Think McFly, Think.

by on March 21, 2006 @ 12:37 pm

Dude… I’ve known that Crispin Glover (George McFly from Back To The Future) is a total fucking freak for a long time. Anyone who collects used electric chairs has to have a screw loose somewhere. But what… what the fuck is going on here? (thanks again, FaaQ)

This trailer is for Crispin’s directorial debut: What Is It? Someone should tell that fucker that irony is getting stale. Here’s the lowdown from IMDB:

Tagline: Being the adventures of a young man whose principle interests are snails, salt, a pipe, and how to get home. As tormented by an hubristic, racist inner psyche.

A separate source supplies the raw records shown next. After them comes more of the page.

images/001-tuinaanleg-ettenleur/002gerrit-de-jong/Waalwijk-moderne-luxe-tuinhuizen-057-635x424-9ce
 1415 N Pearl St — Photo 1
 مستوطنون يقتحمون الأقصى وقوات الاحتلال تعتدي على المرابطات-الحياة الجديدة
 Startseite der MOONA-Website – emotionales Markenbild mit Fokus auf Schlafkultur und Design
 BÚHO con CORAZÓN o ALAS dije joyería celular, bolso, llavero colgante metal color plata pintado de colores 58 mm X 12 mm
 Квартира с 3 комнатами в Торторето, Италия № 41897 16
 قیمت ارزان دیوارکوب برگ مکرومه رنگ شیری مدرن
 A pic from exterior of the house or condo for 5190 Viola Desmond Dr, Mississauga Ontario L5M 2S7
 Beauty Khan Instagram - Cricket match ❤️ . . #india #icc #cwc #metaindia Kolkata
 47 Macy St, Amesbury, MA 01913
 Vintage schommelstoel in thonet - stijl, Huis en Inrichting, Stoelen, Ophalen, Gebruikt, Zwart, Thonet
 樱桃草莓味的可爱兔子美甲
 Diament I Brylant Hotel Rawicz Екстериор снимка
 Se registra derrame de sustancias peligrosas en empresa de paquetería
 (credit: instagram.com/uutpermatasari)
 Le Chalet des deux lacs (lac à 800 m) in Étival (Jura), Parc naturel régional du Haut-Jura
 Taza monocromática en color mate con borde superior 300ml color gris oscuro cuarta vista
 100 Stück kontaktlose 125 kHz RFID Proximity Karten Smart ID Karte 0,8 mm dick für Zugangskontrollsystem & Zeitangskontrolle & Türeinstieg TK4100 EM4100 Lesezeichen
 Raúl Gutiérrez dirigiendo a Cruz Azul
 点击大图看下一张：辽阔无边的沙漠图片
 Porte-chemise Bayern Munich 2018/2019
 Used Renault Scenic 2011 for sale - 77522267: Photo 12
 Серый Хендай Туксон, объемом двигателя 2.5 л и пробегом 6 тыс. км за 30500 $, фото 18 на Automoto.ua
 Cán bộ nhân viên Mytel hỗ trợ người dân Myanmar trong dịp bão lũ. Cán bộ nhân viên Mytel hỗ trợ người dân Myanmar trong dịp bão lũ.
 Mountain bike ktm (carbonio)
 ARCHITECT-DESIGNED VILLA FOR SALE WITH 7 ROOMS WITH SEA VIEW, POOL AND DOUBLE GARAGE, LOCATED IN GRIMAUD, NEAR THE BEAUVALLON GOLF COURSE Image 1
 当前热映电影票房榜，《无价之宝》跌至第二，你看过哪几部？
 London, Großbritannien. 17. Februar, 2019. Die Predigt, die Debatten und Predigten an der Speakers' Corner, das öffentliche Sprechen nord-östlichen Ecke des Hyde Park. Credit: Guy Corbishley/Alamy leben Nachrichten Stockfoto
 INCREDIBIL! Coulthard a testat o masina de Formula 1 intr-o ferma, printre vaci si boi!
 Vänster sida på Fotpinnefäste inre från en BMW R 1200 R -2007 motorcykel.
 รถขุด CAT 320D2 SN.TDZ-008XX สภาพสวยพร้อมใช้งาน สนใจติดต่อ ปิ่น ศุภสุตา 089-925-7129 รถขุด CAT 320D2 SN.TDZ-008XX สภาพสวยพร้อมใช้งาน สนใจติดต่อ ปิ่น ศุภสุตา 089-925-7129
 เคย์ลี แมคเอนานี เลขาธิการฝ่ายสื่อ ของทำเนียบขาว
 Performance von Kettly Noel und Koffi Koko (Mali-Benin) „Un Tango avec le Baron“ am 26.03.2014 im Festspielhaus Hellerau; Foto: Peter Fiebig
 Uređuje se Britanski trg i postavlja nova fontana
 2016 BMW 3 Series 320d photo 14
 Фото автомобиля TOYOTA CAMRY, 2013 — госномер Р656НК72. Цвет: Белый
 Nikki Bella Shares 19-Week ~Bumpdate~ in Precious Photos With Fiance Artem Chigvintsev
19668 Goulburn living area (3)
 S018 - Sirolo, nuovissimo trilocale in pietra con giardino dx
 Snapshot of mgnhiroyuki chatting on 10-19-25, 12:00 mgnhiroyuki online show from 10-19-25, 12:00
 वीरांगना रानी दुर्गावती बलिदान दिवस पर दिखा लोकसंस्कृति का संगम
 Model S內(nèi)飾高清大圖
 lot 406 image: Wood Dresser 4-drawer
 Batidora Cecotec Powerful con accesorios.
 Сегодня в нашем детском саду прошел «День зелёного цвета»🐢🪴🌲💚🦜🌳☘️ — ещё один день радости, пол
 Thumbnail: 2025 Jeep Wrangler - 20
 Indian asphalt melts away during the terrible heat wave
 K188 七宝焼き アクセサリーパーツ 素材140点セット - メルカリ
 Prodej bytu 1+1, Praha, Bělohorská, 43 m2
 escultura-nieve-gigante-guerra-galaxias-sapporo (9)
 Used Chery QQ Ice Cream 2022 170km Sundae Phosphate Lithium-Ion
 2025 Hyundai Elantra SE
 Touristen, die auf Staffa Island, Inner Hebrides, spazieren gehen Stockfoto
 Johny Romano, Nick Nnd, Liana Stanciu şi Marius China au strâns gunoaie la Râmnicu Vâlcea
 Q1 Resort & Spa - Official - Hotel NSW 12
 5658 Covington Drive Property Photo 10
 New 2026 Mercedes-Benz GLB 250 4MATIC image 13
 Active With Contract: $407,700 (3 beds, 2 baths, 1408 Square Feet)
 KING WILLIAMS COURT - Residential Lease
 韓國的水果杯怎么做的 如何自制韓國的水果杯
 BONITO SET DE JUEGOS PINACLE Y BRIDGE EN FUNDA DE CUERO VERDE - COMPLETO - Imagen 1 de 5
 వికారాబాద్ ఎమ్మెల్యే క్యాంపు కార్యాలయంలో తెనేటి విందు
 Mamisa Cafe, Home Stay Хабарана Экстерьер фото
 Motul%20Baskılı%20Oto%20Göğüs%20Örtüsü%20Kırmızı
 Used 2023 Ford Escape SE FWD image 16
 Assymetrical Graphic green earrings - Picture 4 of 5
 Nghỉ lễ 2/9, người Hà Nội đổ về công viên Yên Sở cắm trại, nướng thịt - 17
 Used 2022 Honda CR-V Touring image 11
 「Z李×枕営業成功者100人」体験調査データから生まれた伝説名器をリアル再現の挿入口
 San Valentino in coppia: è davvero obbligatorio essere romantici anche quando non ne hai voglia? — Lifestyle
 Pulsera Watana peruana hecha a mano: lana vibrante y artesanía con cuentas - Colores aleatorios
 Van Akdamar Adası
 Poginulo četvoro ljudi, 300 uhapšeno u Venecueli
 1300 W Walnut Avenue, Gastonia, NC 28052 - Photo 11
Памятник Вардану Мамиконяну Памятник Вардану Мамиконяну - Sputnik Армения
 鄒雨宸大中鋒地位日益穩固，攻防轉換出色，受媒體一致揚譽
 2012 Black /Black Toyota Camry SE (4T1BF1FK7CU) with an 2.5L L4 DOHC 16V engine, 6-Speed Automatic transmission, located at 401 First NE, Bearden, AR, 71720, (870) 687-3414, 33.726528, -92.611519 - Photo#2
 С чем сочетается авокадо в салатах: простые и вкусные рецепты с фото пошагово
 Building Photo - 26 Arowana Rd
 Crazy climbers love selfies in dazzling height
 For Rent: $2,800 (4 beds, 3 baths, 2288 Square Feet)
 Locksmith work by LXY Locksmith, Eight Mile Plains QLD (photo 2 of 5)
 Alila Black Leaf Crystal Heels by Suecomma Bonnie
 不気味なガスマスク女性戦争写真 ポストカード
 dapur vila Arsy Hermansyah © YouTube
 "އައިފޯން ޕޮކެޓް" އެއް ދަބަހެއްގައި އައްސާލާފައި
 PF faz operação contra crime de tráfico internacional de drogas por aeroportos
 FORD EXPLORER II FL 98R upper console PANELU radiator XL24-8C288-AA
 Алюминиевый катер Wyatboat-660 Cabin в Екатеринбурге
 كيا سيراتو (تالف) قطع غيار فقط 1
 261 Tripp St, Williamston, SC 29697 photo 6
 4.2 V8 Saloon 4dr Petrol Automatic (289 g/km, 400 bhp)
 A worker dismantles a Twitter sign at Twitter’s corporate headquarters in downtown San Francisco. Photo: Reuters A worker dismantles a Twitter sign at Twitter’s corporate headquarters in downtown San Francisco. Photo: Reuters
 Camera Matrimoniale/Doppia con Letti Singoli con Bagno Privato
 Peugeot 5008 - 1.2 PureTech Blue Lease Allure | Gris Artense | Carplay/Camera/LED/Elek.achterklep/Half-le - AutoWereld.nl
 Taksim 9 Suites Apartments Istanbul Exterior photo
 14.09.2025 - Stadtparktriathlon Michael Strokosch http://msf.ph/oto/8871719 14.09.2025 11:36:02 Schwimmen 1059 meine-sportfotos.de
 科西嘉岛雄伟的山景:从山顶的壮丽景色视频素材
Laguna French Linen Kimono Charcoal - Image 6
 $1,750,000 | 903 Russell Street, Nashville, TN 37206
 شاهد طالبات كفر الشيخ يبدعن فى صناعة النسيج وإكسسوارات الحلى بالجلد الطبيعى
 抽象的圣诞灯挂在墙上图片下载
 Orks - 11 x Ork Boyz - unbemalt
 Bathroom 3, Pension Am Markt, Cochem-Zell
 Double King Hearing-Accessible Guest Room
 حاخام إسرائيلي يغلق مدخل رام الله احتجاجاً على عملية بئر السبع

Plot Outline: What Is It? is a bewildering, unnerving, surreal, blackly comic film from the visionary mind of Crispin Glover that tells the inner and outer struggles of a young man facing villains and demons on multiple planes.

Keep in mind that all of the actors aside from Glover have Downs Syndrome. I always thought that he seemed like a semi-talented actor, and reasonably intelligent. Batshit insane, sure, but intelligent enough. I don’t see the need to surround onesself with mentally handicapped actors unless you felt like making yourself look better. I’m pretty sure that kid from “Life Goes On” was in there though, so maybe that’ll deepen the talent pool.

Then, of course, there’s his essay on the film, which… is a real fun read. Here’s a highlight:

Is it possible that the Columbine shootings would have not occurred if Steven Spielberg had never wafted his putrid stench upon our culture, a culture he helped homogenize and propagandize?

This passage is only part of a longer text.